Tag Archives: Lent

And Ye Would Not

It ain’t always pretty.

Matthew 23:37

O Jerusalem, Jerusalem, thou that killest the prophets, and stonest them which are sent unto thee, how often would I have gathered thy children together, even as a hen gathereth her chickens under her wings, and ye would not!

Love doesn’t always look like a fluffy little bunny or a bouquet of pretty flowers. Sometimes, love comes as a heavy burden, or an injection of medicine, or a strong arm that knocks you to the ground just in time. Jesus is like this.

We often like to think of the Resurrection only. We have images of Jesus looking all bright and shiny and handsome, smiling, with his arms open wide in welcome – setting aside images of Jesus stripped, beaten, bloodied, his arms forced apart and nailed to a wooden beam. We’ll think of Jesus during his earthly ministry with little children gathered at his feet and blind people being gently touched by his soft hand – and not think of the whip in the temple or the rough carpenter’s hands praying in agony.

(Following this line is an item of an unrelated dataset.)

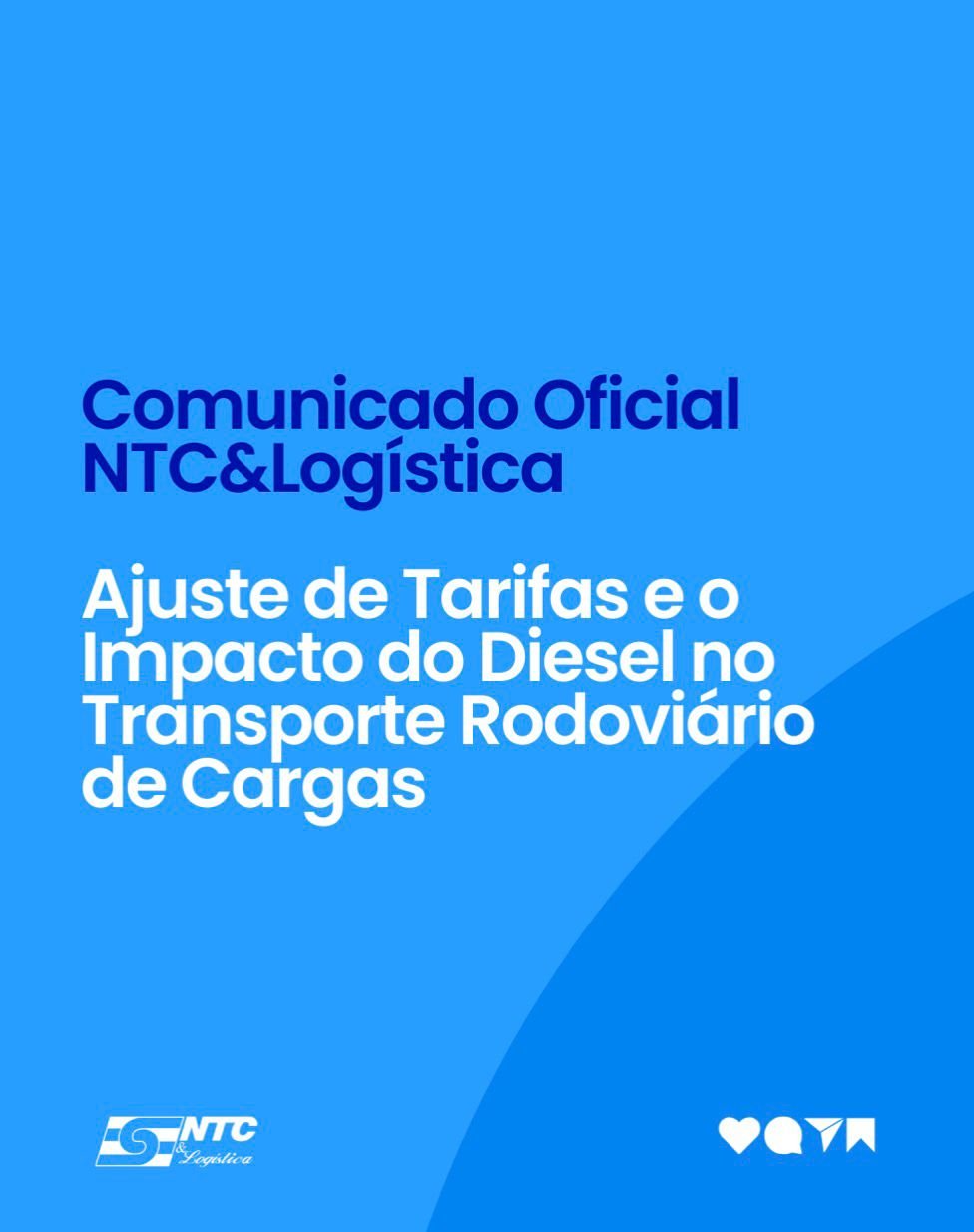 COMUNICADO OFICIAL: Ajuste de Tarifas e o Impacto do Diesel no Transporte Rodoviário de Cargas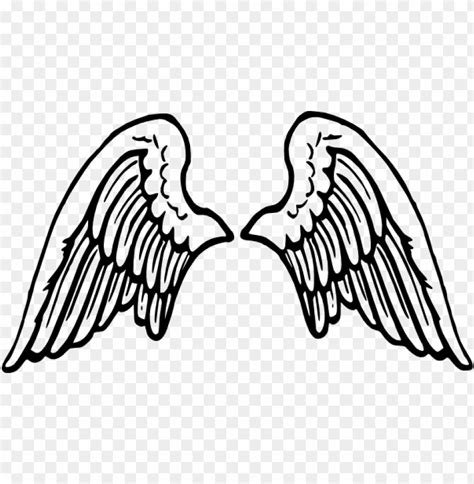 Cartoon Angel Wings Outline Cartoon Doodle Bird Tattoo Wing Icon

I have even seen Crosses that bear upon them an image of the Resurrected Christ, fully clothed. What’s with that???risen-christ-on-cross

That moment in the Bible when Jesus beckons the little children to come to him – this is not a purely happy moment filled with pleasant niceties. It comes with a rebuke. The disciples want to shoo away the youngsters, who are generally seen as a distracting nuisance – but Jesus says, “No.” He goes against the grain, disrupts the general practice of the time, upsets social protocol, and gathers the children to him. In the divine eyes of Jesus, every human being is a child – His own beloved child, whom He wants to hold in His arms and love unconditionally. In our modern time, to the people who, perhaps, make children over-precious and nearly adore them, this makes perfect sense. Of course Jesus wants innocent and lovely children near him. But… Jesus also wants the outcast and reviled near him. Jesus lovingly wills to die next to two thieves being executed for their crimes. Do we think of that? This is true love of humanity.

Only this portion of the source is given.